**Records to process**
################

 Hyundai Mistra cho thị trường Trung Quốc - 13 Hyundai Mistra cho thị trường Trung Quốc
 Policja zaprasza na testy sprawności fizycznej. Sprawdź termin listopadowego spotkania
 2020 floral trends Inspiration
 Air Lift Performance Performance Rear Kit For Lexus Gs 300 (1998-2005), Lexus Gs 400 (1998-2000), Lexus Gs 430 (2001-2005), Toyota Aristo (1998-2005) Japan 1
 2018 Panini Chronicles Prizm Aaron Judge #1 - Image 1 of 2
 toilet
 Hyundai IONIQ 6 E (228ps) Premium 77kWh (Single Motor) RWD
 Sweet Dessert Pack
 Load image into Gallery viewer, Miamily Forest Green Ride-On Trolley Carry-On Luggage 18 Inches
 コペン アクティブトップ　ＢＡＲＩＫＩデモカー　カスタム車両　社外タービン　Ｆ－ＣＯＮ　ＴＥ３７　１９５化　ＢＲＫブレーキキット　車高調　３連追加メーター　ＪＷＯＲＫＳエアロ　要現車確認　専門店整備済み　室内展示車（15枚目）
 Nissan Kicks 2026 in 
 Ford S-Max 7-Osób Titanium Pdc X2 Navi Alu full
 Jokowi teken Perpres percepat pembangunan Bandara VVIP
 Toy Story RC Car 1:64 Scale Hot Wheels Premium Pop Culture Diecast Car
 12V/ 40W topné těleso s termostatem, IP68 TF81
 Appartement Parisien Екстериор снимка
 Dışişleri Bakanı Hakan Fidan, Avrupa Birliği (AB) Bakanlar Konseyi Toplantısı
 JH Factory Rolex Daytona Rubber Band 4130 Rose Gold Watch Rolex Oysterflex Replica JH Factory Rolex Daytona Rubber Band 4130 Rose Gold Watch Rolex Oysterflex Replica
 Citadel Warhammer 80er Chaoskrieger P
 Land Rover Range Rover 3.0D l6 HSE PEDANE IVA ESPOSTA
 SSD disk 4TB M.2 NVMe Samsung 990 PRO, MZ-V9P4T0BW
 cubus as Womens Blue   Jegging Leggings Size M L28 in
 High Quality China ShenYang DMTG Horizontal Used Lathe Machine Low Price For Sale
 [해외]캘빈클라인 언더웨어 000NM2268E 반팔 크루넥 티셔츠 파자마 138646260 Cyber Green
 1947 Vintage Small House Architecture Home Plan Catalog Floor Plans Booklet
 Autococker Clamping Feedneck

################

**Aim of the exercise**
What lines in the listing include the string "Premium"? Copy them out.

**Output of the exercise**
 Hyundai IONIQ 6 E (228ps) Premium 77kWh (Single Motor) RWD
 Toy Story RC Car 1:64 Scale Hot Wheels Premium Pop Culture Diecast Car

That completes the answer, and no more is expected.